# Will This 75KW Axial Flux Motor Change Jobs?



## Morf (May 29, 2009)

Hi Inductive Axial Flux Motor Fans,
The Town of Lappeenranta, Finland has a Technical University that became focused, in part, on Axial motors about 10 years ago. From that effort came an advanced Axial Flux series of motors that were designed to be mated to rotary screw air compressors, by using the compressor`s drive shaft as the motors own internal drive shaft. 

The motor types were numbered according to their KW ratings. Type 37 and type 45, weigh 122 kg. All in the series share the same case and are air cooled but with a liquid cooling option. 

Although not in the literature for the public, they also make a 75KW using the same motor case. In my last two letters from the company, I have some specs on this motor: Phase induction motor (frequency converter use). 
370V main to main~~3700 rpm~~160 A~~IP54~~F-class insulation~~air cooled with separate fan. Further, rated torque is 200Nm~~Stall torque is approx. 300NM~~Field weakening starts at 3700 rpm, the torque decreases at a ratio of rotation speed T=200Nm*3700 rpm/speed.

They have offered to do the engineering and testing to make this 75 a stand alone motor, with it`s own shaft and bearings and they have given me a prototype cost, which I want to double check before I show it. Time of development and testing would be done in 8 to 10 months. The weight of the 75 KW now is 160kg. With no transmission needed? and a simplified rear drive, I think this is what I am looking for. Please talk to me about what I may not be seeing in this build. I hope Axco gets encouragement to put this beauty on the market. Questions go to Asko Parviainen at Axco Motors. It feels like waiting for Christmas. Best Wishes everyone.


----------



## samborambo (Aug 27, 2008)

Morf said:


> Hi Inductive Axial Flux Motor Fans,
> The Town of Lappeenranta, Finland has a Technical University that became focused, in part, on Axial motors about 10 years ago. From that effort came an advanced Axial Flux series of motors that were designed to be mated to rotary screw air compressors, by using the compressor`s drive shaft as the motors own internal drive shaft.
> 
> The motor types were numbered according to their KW ratings. Type 37 and type 45, weigh 122 kg. All in the series share the same case and are air cooled but with a liquid cooling option.
> ...


I hate to burst your bubble but a 300Nm 160kg induction motor is not that impressive. Have a look at the AC Motor Selection wiki page:

http://www.diyelectriccar.com/forums/showthread.php?p=61212#post61212

The motor you mention has a lower torque to weight ratio than any standard industrial radial induction motor.

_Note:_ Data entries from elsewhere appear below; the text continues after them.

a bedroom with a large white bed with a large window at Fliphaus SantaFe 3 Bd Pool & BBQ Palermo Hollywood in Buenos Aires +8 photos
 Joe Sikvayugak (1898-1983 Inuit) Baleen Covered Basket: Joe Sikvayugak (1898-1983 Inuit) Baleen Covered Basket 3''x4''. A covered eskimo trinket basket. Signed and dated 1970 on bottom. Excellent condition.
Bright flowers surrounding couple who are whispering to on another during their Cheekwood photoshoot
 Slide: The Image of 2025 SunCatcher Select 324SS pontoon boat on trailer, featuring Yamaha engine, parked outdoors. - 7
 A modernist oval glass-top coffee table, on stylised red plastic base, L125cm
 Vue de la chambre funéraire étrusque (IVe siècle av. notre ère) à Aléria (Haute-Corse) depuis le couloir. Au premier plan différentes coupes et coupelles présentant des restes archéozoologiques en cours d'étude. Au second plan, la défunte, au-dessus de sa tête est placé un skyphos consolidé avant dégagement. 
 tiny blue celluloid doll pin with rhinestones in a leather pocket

Yes, you will need a gearbox or reduction drive of around 4:1. 300Nm won't give you very good acceleration at the same ratio as the driveshaft. The synchronous speed of the motor would be at around 220mph with 1:1.

Sam.


----------



## Morf (May 29, 2009)

Hi Samborambo,
Computeritus here. Aol disconects at will this month, and I get a chance to do my letters over again. Trying to finish this letter for the third time, I left out a couple things. One was a very simplified (and light weight) drive system on the rear wheels, with a reduction. I checked a BMW locker, and a Torsen Audi, and I think it is worth the weight reduction effort to experiment with industrial drives. They treated me well on heavy equipment in the past. Tranny, clutch, differential, d.shaft, missing, I Like the 94% efficiency for the axial in it`s working range. Two of the other axial models are happy running at well over 6000rpm. I love torque, and am no expert at how much radials have at stall. But I don`t see it as a competition, prize to the best number. My hunch!! was this would serve my needs well. Thanks for your reply. Please check on my posts. I like your direct and thoughtful responses. Best Wishes,


----------



## samborambo (Aug 27, 2008)

Morf said:


> Hi Samborambo,
> Computeritus here. Aol disconects at will this month, and I get a chance to do my letters over again. Trying to finish this letter for the third time, I left out a couple things. One was a very simplified (and light weight) drive system on the rear wheels, with a reduction. I checked a BMW locker, and a Torsen Audi, and I think it is worth the weight reduction effort to experiment with industrial drives. They treated me well on heavy equipment in the past. Tranny, clutch, differential, d.shaft, missing, I Like the 94% efficiency for the axial in it`s working range. Two of the other axial models are happy running at well over 6000rpm. I love torque, and am no expert at how much radials have at stall. But I don`t see it as a competition, prize to the best number. My hunch!! was this would serve my needs well. Thanks for your reply. Please check on my posts. I like your direct and thoughtful responses. Best Wishes,


Morf,

Selecting parts for an EV, or any engineering project for that matter, should not be an emotive issue. Search for the parts that meet your technical criteria, (eg: torque, speed, voltage, torque to weight ratio, compatibility, compexity, etc) and fit budget requirements. Yes, it is a competition. You shouldn't be playing favourites.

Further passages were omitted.